A statewide effort by Iowa schools to catch and correct reading problems in students early on is showing progress, according to a new policy brief released last week by the Iowa Department of Education.
Nearly 9,000 students in kindergarten through third grade who had fallen short of benchmarks in reading in the fall of 2015 met or surpassed benchmarks by the spring of 2016, an increase of 4.2 percentage points. Increases in the highest-growth school districts ranged from 19.5 to 32.2 percentage points.
Iowa Department of Education leaders today announced the results of the policy brief and celebrated the growth and progress in early literacy statewide. They were joined by Jane Lindaman, superintendent of the Waterloo Community School District, Tynne Sulser, a third-grade teacher in the Centerville Community School District, and Mark Crady, who represented Iowa’s area education agencies.
“Iowa’s schools are focused on preparing students for success in high school and beyond, and that success begins with developing strong reading skills,” Iowa Department of Education Director Ryan Wise said. “These findings show Iowa schools are making strides in their work to ensure all students are proficient readers by the end of third grade. This type of steady growth over time will translate into thousands of students getting on track in reading.”
While the ability to read is important at all levels, research shows third grade is an important gateway grade, when children transition from “learning to read” and begin “reading to learn.” Early reading difficulties have been linked to long-term consequences, such as dropping out of school.
Iowa’s reading scores on state and national assessments have stagnated for years, and nearly one in four third-grade students is not proficient in reading.
The Iowa Legislature passed a law in 2012 that focuses on making sure all students are reading at grade level by the end of third grade. A key part of the law is an early warning system to help educators identify and intervene with students in kindergarten through third grade who are at risk for reading failure. Through the system, schools screen students in kindergarten through third grade three times a year – fall, winter and spring – to identify children at risk, to provide additional reading instruction and to monitor their progress.
Iowa’s early warning system was implemented through a partnership between the Iowa Department of Education, area education agencies, and school districts.
Of 398 public school districts and nonpublic schools using the early warning system, 60.8 percent (242) saw an increase in the percentage of students in kindergarten through third grade at or above benchmark from fall 2015 to spring 2016. Fifty-three school districts showed double-digit percentage increases in results from fall to spring.

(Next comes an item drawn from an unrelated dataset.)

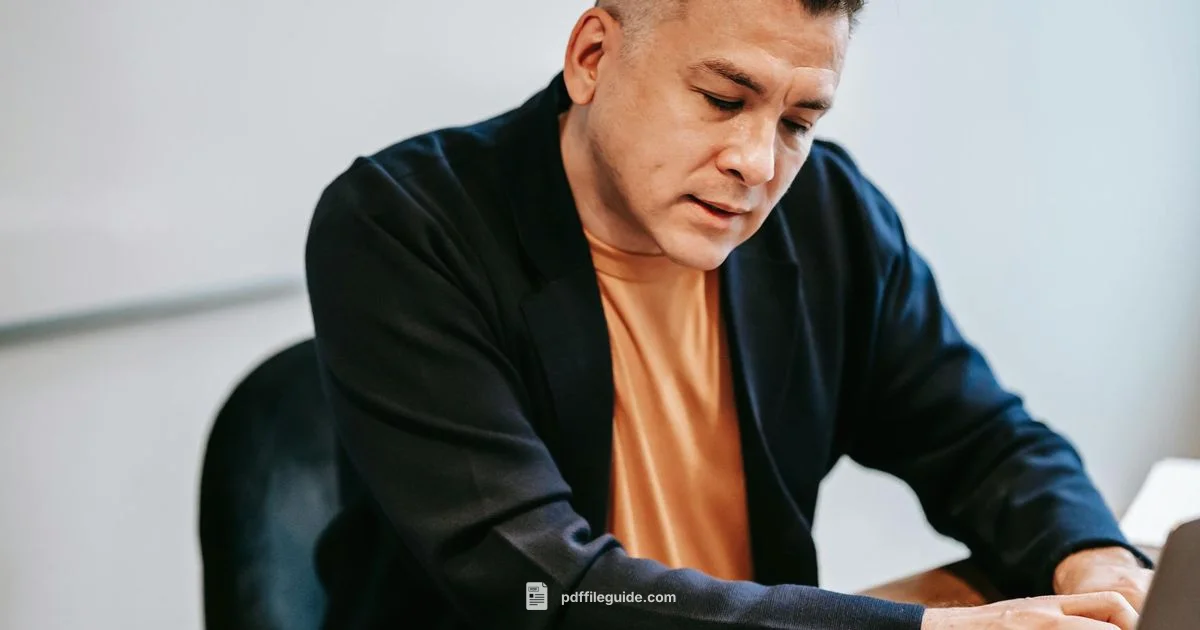 Top Free Converters Top Free Converters - PDF File Guide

Of Iowa’s urban school districts, the Waterloo Community School District demonstrated the largest growth, with a 14.6 percentage-point increase from fall 2015 to spring 2016.
“We are now better equipped than at any point in time to identify which students are on track and which ones aren’t, and we have tools to spring into action with instruction that works,” Lindaman said. “Knowledge is power, and when we know what students need, we are much more effective at providing the right interventions.”
The growth and progress from Iowa’s screening assessments are expected to translate to large-scale standardized tests in reading, such as the state assessment or the National Assessment of Educational Progress (NAEP), once all students have taken them. Only about a quarter of students who have been screened through the early warning system have also taken the state assessment, which is administered to students for the first time in third grade. NAEP is taken for the first time in fourth grade.